Bond 23 Update: Sam Mendes in Talks to Direct

Thompson on Hollywood

When your career needs a boost and there are few available top-dollar jobs: take a franchise.

On the heels of disappointments Away We Go ($10 million) and Oscar contender Revolutionary Road ($23 million), Sam Mendes, who is repped by CAA, is in talks to direct the 23rd James Bond film, which is reportedly moving toward a 2011 release, despite the looming sale of MGM. It is in MGM’s interest to present its biggest franchise as an ongoing concern.

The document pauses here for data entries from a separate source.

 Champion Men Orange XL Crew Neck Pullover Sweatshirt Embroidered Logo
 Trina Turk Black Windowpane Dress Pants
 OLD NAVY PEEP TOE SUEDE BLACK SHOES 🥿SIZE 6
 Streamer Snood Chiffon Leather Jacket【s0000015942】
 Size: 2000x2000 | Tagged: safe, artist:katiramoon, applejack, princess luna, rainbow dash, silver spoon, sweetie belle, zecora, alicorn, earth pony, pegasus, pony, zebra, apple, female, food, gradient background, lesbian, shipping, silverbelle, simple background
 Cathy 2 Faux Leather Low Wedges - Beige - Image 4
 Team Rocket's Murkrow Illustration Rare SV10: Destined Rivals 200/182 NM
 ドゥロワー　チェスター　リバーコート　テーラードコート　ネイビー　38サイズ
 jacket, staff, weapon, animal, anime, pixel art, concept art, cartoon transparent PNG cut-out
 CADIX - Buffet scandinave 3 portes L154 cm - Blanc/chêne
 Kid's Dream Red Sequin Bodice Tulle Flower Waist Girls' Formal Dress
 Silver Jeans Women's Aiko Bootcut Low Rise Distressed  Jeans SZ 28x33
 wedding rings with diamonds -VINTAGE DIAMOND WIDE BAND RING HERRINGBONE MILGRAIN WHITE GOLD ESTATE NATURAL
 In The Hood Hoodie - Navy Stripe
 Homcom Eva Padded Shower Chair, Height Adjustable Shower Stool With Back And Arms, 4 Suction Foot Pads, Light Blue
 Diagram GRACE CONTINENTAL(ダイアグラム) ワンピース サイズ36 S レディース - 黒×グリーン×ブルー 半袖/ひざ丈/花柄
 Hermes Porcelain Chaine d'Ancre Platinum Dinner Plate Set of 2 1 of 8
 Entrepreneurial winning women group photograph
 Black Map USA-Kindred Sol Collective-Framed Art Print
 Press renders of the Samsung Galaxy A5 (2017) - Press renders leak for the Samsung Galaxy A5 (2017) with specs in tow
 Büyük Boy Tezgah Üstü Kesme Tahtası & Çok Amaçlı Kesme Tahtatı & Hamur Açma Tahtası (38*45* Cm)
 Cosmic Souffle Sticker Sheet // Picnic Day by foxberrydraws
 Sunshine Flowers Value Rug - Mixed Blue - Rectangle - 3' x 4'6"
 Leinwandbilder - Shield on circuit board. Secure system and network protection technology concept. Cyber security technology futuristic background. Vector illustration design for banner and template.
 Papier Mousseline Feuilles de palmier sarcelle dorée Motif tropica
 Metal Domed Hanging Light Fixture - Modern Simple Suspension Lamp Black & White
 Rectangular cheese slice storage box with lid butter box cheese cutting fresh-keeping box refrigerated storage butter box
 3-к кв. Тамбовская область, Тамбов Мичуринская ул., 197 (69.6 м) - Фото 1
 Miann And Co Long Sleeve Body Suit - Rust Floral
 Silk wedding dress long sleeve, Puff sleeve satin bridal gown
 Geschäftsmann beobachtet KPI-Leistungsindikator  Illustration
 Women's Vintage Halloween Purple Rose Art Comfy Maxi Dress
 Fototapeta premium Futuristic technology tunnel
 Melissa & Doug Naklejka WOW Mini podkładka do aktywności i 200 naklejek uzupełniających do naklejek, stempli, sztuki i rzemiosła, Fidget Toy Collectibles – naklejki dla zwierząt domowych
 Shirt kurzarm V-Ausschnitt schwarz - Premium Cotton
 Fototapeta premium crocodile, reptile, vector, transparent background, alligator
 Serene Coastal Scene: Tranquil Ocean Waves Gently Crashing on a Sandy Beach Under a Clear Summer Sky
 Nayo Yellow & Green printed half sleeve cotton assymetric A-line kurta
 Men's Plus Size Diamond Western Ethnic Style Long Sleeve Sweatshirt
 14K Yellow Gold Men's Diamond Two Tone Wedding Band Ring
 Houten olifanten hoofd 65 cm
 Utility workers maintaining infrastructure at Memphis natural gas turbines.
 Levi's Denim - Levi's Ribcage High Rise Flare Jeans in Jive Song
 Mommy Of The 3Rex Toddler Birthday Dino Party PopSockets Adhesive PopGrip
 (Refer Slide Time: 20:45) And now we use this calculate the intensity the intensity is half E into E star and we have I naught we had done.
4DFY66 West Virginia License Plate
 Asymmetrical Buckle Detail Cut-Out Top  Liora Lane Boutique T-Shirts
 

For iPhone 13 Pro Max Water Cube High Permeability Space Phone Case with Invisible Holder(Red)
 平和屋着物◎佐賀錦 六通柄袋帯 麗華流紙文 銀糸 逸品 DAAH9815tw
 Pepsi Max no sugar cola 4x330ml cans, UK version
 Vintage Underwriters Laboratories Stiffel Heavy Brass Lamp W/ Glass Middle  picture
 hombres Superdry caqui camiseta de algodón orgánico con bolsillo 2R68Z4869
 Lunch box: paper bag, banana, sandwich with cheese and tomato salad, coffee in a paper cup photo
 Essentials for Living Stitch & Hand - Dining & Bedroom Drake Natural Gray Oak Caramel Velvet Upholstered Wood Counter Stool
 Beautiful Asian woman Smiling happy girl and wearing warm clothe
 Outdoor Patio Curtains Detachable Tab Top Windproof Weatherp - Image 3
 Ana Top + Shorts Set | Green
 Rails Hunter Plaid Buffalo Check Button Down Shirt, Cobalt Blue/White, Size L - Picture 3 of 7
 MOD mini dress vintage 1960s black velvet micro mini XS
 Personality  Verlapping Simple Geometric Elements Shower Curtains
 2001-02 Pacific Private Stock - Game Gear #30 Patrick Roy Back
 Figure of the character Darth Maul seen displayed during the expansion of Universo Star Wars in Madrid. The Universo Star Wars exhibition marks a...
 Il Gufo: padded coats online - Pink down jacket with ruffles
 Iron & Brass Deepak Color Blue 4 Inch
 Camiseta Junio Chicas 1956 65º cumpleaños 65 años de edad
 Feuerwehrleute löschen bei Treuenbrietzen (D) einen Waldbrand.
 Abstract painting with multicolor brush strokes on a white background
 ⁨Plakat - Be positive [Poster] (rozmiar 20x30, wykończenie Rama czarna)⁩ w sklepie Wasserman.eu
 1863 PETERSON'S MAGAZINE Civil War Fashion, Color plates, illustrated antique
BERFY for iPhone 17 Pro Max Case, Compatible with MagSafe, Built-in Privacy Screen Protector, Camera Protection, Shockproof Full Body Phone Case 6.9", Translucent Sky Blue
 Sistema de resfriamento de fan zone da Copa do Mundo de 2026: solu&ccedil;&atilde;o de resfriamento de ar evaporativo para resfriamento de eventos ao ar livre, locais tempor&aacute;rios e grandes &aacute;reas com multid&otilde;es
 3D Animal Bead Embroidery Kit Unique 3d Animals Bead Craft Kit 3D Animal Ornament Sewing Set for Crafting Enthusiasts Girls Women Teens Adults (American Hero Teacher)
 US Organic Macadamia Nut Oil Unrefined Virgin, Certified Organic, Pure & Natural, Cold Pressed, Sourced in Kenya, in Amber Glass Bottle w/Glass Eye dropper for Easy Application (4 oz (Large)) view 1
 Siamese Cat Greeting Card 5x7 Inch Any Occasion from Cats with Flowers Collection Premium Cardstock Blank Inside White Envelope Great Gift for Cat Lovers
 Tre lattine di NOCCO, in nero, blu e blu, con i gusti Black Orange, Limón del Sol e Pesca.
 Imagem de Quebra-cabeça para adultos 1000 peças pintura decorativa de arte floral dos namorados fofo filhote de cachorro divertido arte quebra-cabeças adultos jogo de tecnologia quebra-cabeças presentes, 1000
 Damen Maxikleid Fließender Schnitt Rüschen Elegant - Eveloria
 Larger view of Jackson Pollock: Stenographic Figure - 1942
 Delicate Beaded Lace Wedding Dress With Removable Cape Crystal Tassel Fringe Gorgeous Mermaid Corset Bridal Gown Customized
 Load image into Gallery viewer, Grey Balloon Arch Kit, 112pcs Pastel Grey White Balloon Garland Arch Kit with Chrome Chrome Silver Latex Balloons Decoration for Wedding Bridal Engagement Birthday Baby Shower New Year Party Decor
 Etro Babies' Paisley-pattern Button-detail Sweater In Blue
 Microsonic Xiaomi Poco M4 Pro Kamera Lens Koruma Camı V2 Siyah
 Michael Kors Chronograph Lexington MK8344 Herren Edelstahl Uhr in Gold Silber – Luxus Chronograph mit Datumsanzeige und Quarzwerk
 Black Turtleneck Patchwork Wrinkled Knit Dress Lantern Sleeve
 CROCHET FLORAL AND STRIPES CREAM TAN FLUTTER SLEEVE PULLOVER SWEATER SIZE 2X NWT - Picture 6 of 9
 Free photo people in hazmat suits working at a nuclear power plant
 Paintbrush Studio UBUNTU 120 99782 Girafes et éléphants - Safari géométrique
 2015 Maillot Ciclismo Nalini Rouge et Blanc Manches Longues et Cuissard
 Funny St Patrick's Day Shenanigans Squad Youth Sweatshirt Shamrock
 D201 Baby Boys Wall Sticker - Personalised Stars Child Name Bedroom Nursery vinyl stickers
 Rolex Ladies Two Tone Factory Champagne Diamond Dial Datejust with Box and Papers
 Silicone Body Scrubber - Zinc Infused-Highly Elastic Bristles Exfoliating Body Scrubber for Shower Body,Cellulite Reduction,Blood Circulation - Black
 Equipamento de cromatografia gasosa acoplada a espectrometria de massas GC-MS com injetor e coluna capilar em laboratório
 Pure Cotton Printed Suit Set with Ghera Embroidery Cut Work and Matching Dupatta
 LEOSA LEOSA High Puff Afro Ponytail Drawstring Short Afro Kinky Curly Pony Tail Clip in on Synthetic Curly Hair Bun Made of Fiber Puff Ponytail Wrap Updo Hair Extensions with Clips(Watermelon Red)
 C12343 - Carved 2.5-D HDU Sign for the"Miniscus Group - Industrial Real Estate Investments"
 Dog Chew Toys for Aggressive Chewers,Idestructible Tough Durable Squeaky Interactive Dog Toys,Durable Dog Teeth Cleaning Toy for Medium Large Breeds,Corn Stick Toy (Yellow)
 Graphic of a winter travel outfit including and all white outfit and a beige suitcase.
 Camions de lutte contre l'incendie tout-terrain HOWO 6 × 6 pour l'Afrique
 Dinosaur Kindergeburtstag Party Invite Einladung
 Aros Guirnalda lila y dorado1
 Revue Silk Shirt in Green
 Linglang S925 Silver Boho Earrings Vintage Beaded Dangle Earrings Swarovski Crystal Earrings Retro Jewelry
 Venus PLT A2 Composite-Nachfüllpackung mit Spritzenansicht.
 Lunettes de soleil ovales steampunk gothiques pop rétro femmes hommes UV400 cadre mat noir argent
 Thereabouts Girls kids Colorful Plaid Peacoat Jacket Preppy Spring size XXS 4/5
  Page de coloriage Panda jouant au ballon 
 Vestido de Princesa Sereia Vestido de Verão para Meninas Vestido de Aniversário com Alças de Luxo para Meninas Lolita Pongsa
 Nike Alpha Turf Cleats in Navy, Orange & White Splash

The internet instantly went wild at the prospect that Mendes’ wife Kate Winslet could appear in the film opposite Daniel Craig as 007–an unlikely scenario. A renowned London theater impresario and director who won an Oscar for his first film American Beauty, Mendes would be the first Oscar-winner to direct a Bond film. (Quantum of Solace‘s Marc Forster directed best picture nominee Finding Neverland , Monster’s Ball, starring Oscar-winner Halle Berry, and The Kite Runner, which was nominated for best original score, but he has never been nominated for a directing Oscar.)

These days in Hollywood, it’s harder than ever to stay on the A list. The studios are suddenly drawing filmmakers that they would never have been able to land before, partly because the directors can’t get their dream projects made. You can bet in another climate, Mendes would have other options. I’ve always wondered if his heart was in commercial Hollywood filmmaking. He’s an intellectual and visually stylish director who is really at home on the stage; movies are an acquired skill for him.

Since American Beauty, Mendes’ films have been admired and well-reviewed, but were lackluster b.o. performers. Gangster film Road to Perdition, starring Tom Hanks and Craig, and war film Jarhead, starring Jamie Foxx and Jake Gyllenhaal, were gorgeous, expensive exercises in style that failed to ignite the popular imagination.

When your career is going swimmingly (I’ve always wanted to see what Quentin Tarantino would do with James Bond), you don’t need to direct an action tentpole. I suspected something was wrong with Nine when I heard Rob Marshall was directing Pirates of the Caribbean: On Stranger Tides. I still think that’s a disastrous idea–Memoirs of a Geisha was beautifully art-directed and composed but it was inert. It didn’t move. Marshall knows from Broadway and movie musicals, but he has never proved that he can do anything else. (Nine is escapist fun, a tweener–not a critical hit or Oscar contender, and not a populist musical.)

Having left big-budget filmmaking for a chance to go indie on Away We Go, Mendes, too, seems to be heading back to the safety of a big-budget studio tentpole.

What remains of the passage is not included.